$f: [0,k] \times [0,k] \times R \rightarrow R\ \ \ $ is continous in $ \{ (x,t,z) \in [0,k] \times [0,k] \times R , 0 \leq t \leq x \leq k \} $
$ g: [0,k] \rightarrow R \ \ $ is continous
And $\ \ \ | f(x,t,z) - f(x,t,y)| \leq C |z-y| \ \ \ \ $ for a $ 0 \leq C $
Now i have to show that the equation: $$ u(x) = g(x) + \int_0^x f(x,t, u(t)) dt $$ has exactly one continous solution in $[0,k]$.

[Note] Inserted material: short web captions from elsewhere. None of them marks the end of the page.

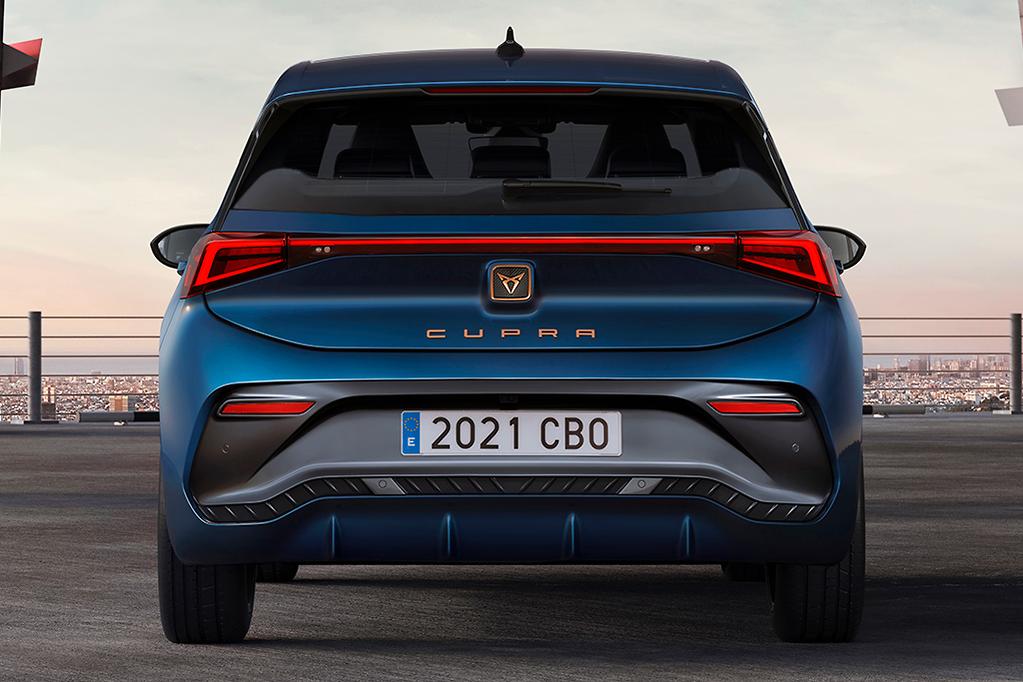 Cupra Born cargando...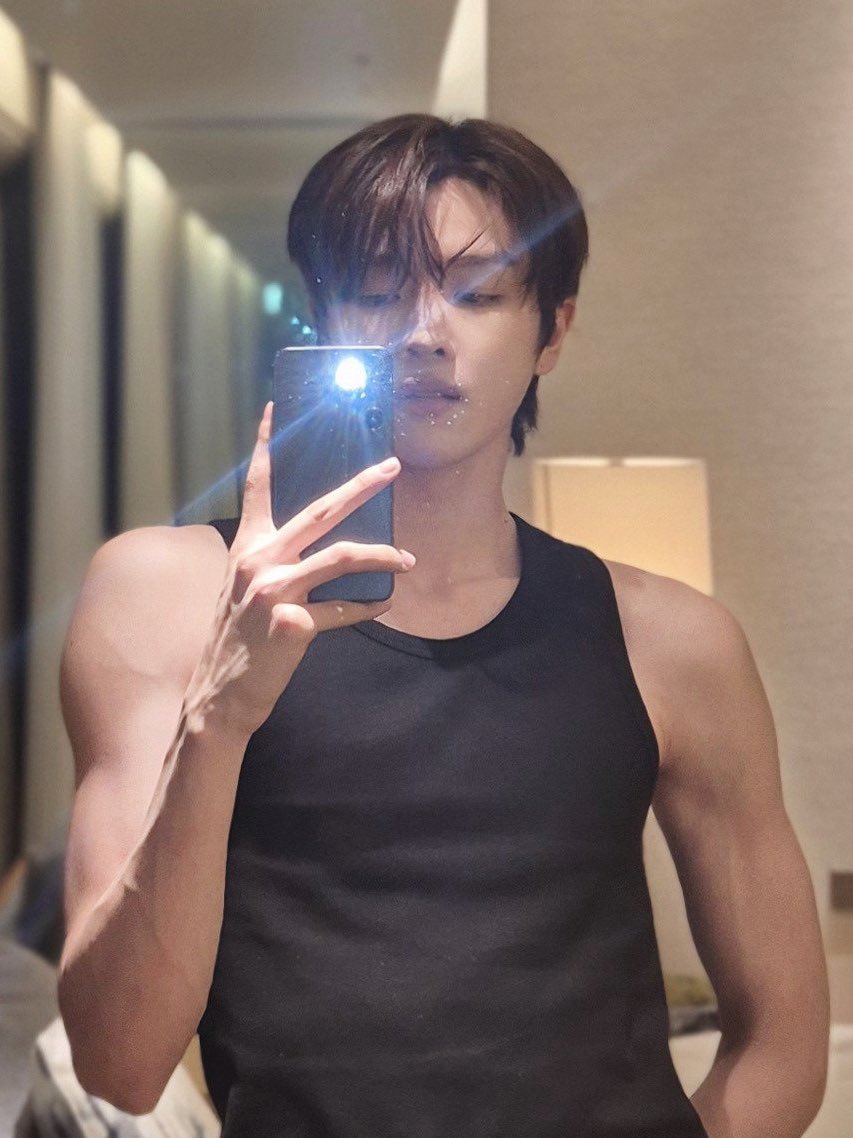 [잡담] 원빈이랑 성찬이 나시 ㅋㅋ | 인스티즈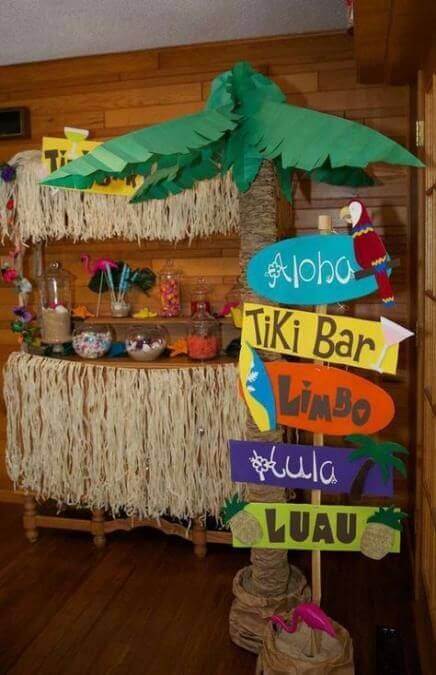 Decorative elements of a tropical Hawaiian party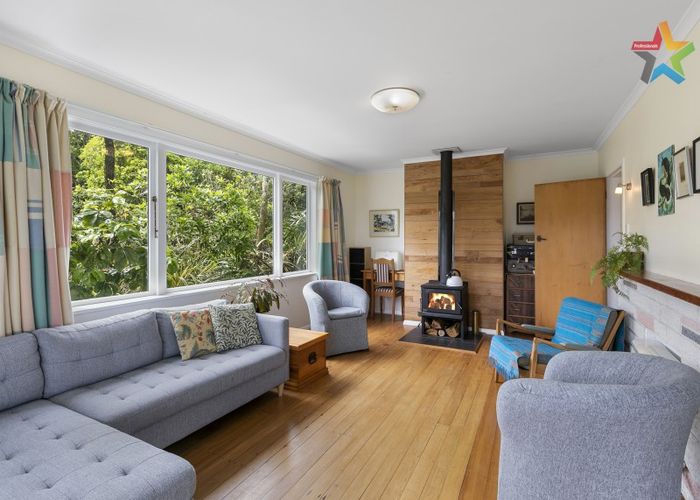  at 8 Akatea Road, Korokoro, Lower Hutt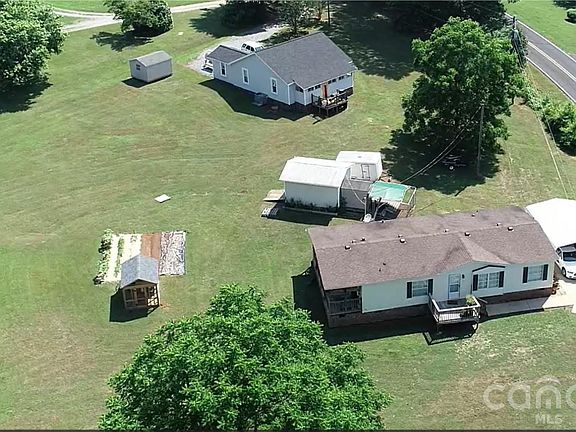 3rd image of 725 Ed Hamrick Rd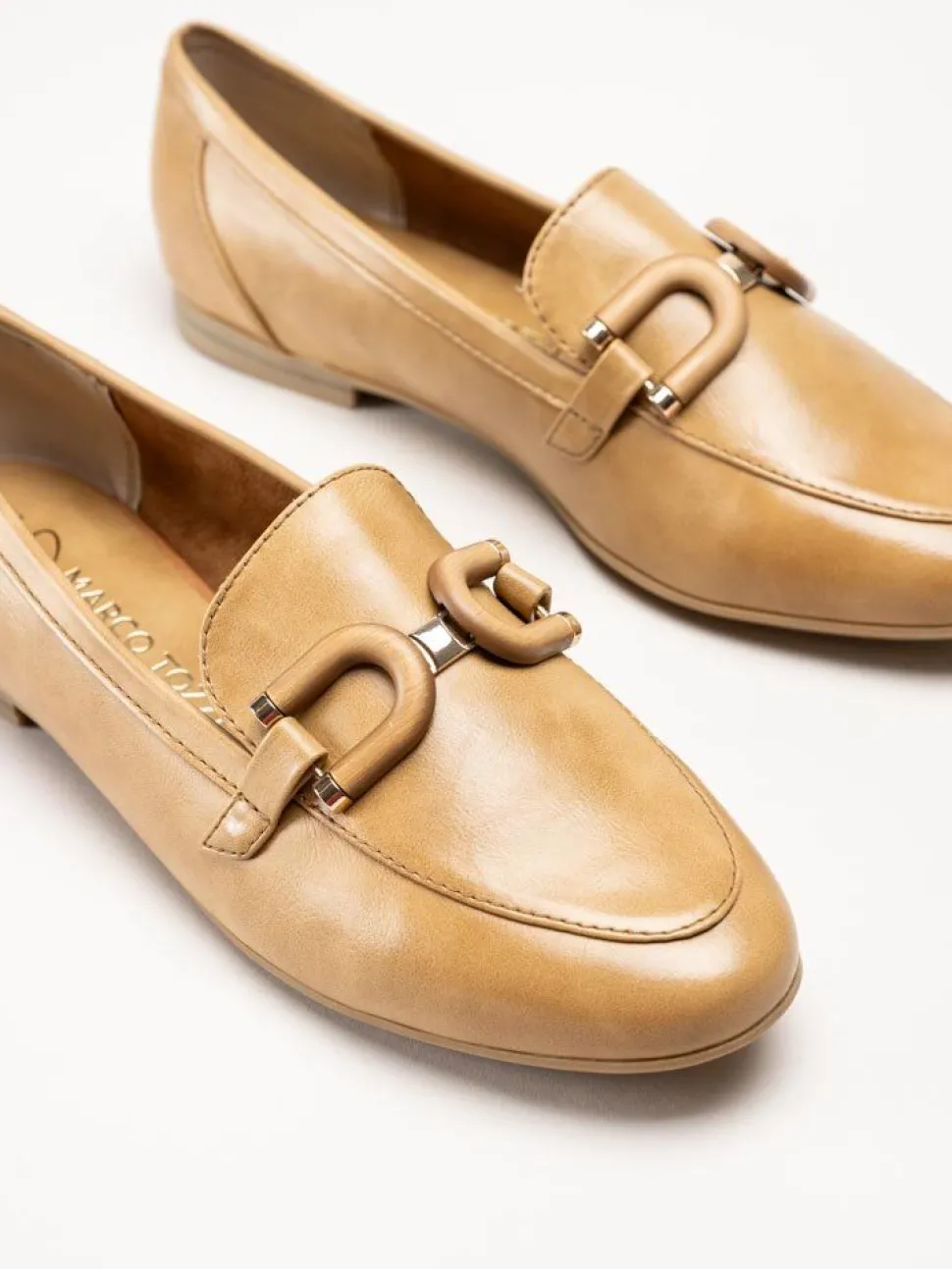 Marco Tozzi - Ljusbruna loafers i skinnimitation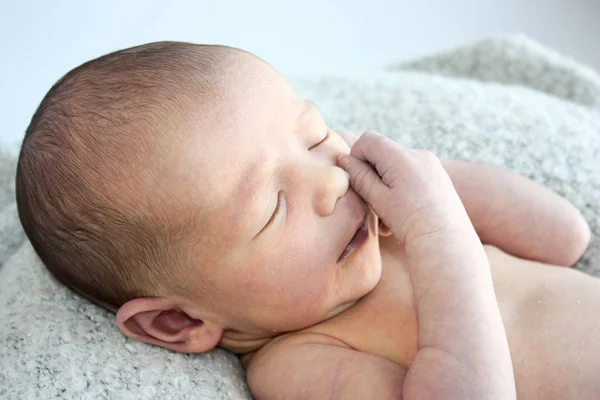 Concept d'éducation religieuse. bébé nouveau né pour être baptisé. religion — Photo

I have tried using the Banach fixed-point theorem but i dont know how. is it the right approach at all?
Let $X = C[0, k]$. Let us define $\Phi:X \rightarrow X$ by \begin{align} \Phi(w)(x) = g(x) = \int^x_0 f(x, t, w(t))\ dt. \end{align} Indeed, $\Phi$ maps $X$ to $X$, since for any $0\le x \le y\le k$ \begin{align} |\Phi(w)(x)-\Phi(w)(y)| \le&\ |g(x)-g(y)| + \left|\int^x_0 f(x, t, w(t))\ dt-\int^y_0 f(y, t, w(t))\ dt \right|\\ \le&\ |g(x)-g(y)| + \int^y_0|f(x, t, w(t))-f(y, t, w(t))|\ dt + \int^x_y|f(x, t, w(t))|\ dt \\ \le&\ |g(x)-g(y)| + \int^y_0|f(x, t, w(t))-f(y, t, w(t))|\ dt + \|f\|_\infty|x-y|. \end{align} Hence, by continuity of $f$, we see that $\Phi(w)(x)$ is also continuous which means $\Phi$ maps $X$ to $X$.

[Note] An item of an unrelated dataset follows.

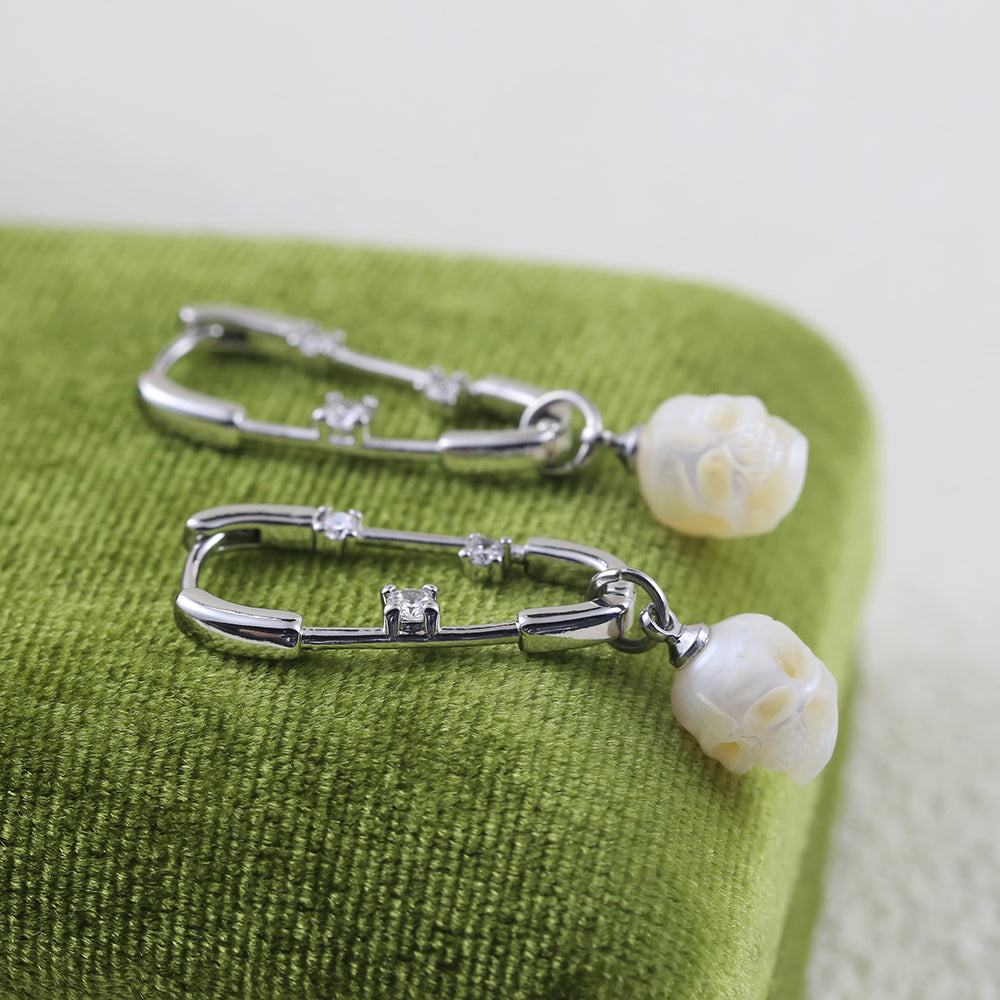 Minimalistische Perlen-Totenkopf-Creolen mit Büroklammer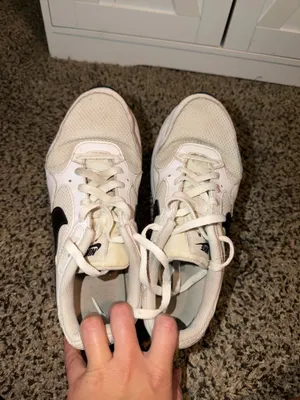 Women’s Nike Air Max Shoes thumbnail 7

Next, let us show that $\Phi: X\rightarrow X$ is a contraction on $X$. Notice that
\begin{align} \|\Phi(u)-\Phi(w)\|_\infty =&\ \sup_{x \in [0, k]}|\Phi(u)(x)-\Phi(w)(x)|\\ \le&\ \sup_{x \in [0, k]} \int^x_0 |f(x, t, u(t)) - f(x, t,w(t))| \ dt\\ \le&\ C\sup_{x, \in [0, k]} \int^x_0 |u(t) -w(t)|\ dt\\ \le&\ C k \|u -w\|_\infty. \end{align}
However, we can't conclude that $\Phi$ is a contraction since $Ck$ doesn't necessarily need to be less than $1$. So, instead of proving $\Phi$ is a contraction on $X$, we can prove that $\Phi$ is a contraction on $[0, k_1]$ for some $k_1<k$ and $Ck_1<1$. Then, by Banach fixed point theorem, we know that there exists a unique $u$ defined on $[0, k_1]$ such that \begin{align} u(x) = g(x) + \int^x_0 f(x, t, u(t))\ dt \end{align} for $x \in [0, k_1]$. Repeat the argument on the interval $[k_1, 2k_1]$. Since $[0, k]$ is compact, then we only need to repeat the argument a finite number of times. This shows that there is a unique $u \in C[0, k]$ that solves the above integral equation.